0

I'm having a problem returning a native string in the correct character-set. I convert from a string to a wstring to an LPCWSTR to pass back to managed. For the string to wide-string, the s2ws method produces a very small string return because it seems to stop at my first would-be terminator (in managed), which is ';'. So, before you mention s2ws, I've alreday tried it to no avail.

String stuff:

    char target[1024];
    sprintf_s(target, 1024, "%s %s%s%s",
            mac,
            " (",
            pWLanBssList->wlanBssEntries[t].dot11Ssid.ucSSID,
            ");");
    std::string targetString = std::string(target);
    targetWString.append(targetString.begin(), targetString.end());

Later string stuff:

std::wstring returnWString = L"";
returnWString.append(SomeMthod().c_str());
//wprintf_s(returnWString.c_str()); // Works - Data is in the string.
LPCWSTR returnLpcuwstr = returnWString.c_str();
return returnLpcuwstr;

How do I know it's a character set/encoding problem? Well, when the LPCWSTR is returned to managed and I use Marshal to Unicode string, I get a wall of null/empty characters. When I try it in ANSI, this is what I get (reduced in size/scale for readability):

ÝÝÝÝÝÝÝÝÝÝÝÝÝÝÝÝÝÝÝÝÝÝÝÝÝÝÝÝÝÝÝÝÝÝÝÝÝÝÝÝÝÝÝÝÝÝÝÝÝÝÝÝÝÝÝÝÝÝÝÝÝÝÝÝÝÝÝÝÝÝÝÝÝÝÝÝÝÝÝÝÝÝÝÝÝÝÝÝÝÝÝÝÝÝÝÝÝÝÝÝÝÝÝÝÝÝÝÝÝÝÝÝÝÝÝÝÝÝÝÝÝÝÝÝÝÝÝÝÝÝÝÝÝÝÝÝÝÝÝÝÝÝÝÝÝÝÝÝÝÝÝÝÝÝÝÝÝÝÝÝÝÝÝÝÝÝÝÝÝÝÝÝÝÝÝÝÝÝÝÝÝÝÝÝÝÝÝÝÝÝÝÝÝÝÝÝÝÝÝÝÝÝÝÝÝÝÝÝÝÝÝÝÝÝÝÝÝÝÝÝÝÝÝÝÝÝÝÝÝÝÝÝÝÝÝÝÝÝÝÝÝÝÝ

The s2ws method is supposed to address the ANSI/UNICODE nightmare that is std::string->std::wstring but that makes the return far too short - far shorter than it should be - but doesn't address the actual charset problem.
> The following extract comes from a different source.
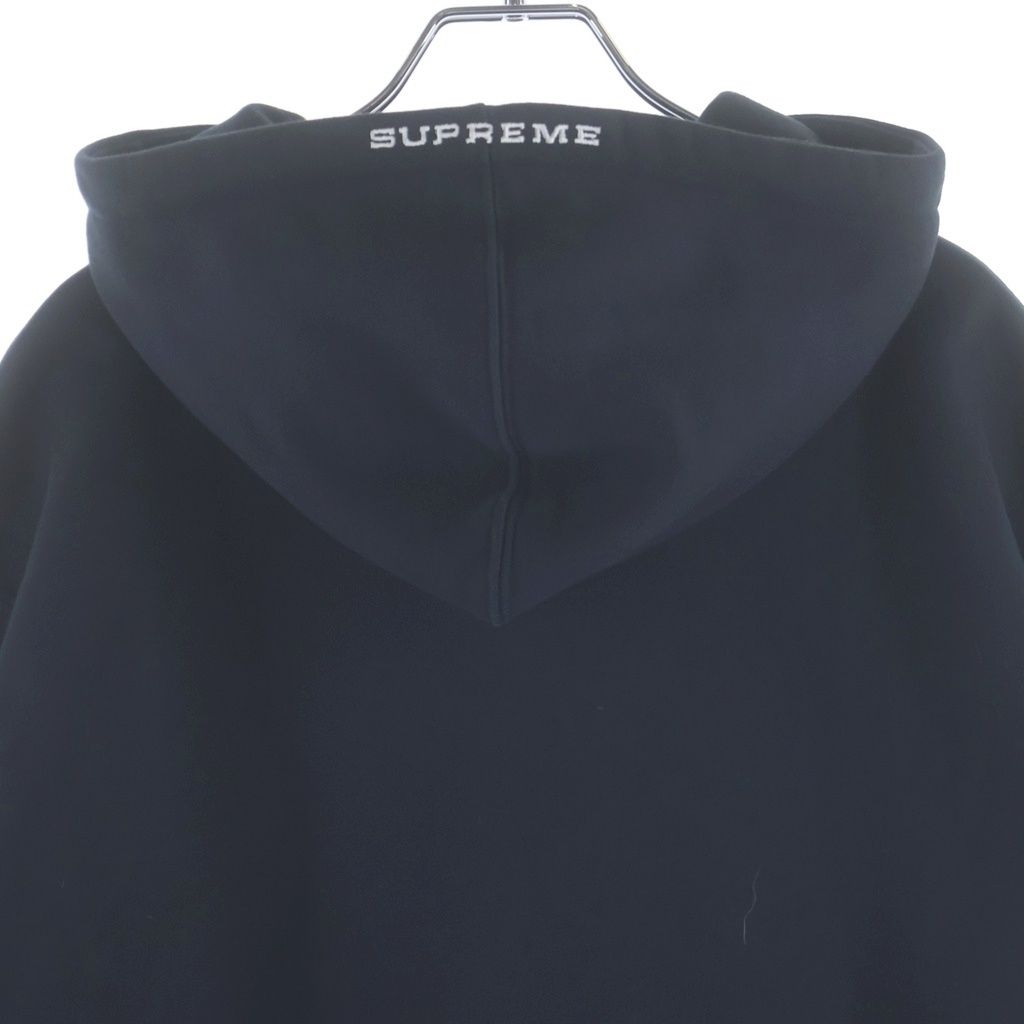 SUPREME (シュプリーム) 21SS ×NIKE Half Zip Hooded Sweatshirt SUPREME ブラック ハーフジップ スウェットパーカー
Result (to ANSI, again - no reducing done on my part): ÝÝÝÝÝÝÝÝÝÝÝÝÝÝÝÝÝÝÝÝÝÝÝÝÝÝÝÝÝÝÝÝÝÝÝÝÝÝÝÝÝÝÝÝÝÝÝÝÝÝÝÝÝÝÝÝÝÝÝÝÝÝÝÝÝÝÝÝÝÝ

When I check in native, wprintf_s shows me that the string is valid/good before the LPCWSTR conversion happens in the export method; so, I need to understand:

  1. Is there a way for me to tell what the byte size of the characters actually are? (I'm thinking that this is an 8byte versus 16byte scenario?)
  2. Since wprintf_s works on the wide string, I checked it against the LPCWSTR and it printed the same (expected) data; so, the issue doesn't appear to be in the .ctor() of the LPCWSTR. Yet, I want to double-check my maths: Am I LPCWSTR'ing correctly?
  3. Since everything in native is telling me that the string is good, how can I check it's character-set (in native)?
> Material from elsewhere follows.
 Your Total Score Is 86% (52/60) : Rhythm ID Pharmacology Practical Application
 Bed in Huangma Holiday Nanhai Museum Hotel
The return, itself, is about 8 lines of text, with a delimiter ';' used so that I can split the string in managed and do magic with it. The only issue is getting the string to render as a valid string in managed, with the correct characters in it.

I feel like, maybe, I'm missing something obvious here but I cannot figure out what it is and just need a fresh pair of eyes to tell me where and how I'm failing at life.

renholder
  • 25
  • 2

1 Answers1

0
LPCWSTR returnLpcuwstr = returnWString.c_str();
return returnLpcuwstr;

This is returning a pointer to data that gets freed immediately after the return, when returnWString goes out of scope. The returned pointer is invalid before the receiver can even use it. This is undefined behavior.

To do what you are attempting, you will have to return a pointer to dynamically allocated memory, and then the receiver will have to free that memory when done using it.

Assuming by "managed" you are referring to .NET, then .NET's marshaller frees unmanaged memory using CoTaskMemFree(), so if you are using default marshaling, the returned pointer must be pointing at memory that is allocated using CoTaskMemAlloc() or equivalent (SysAllocString...(), for instance).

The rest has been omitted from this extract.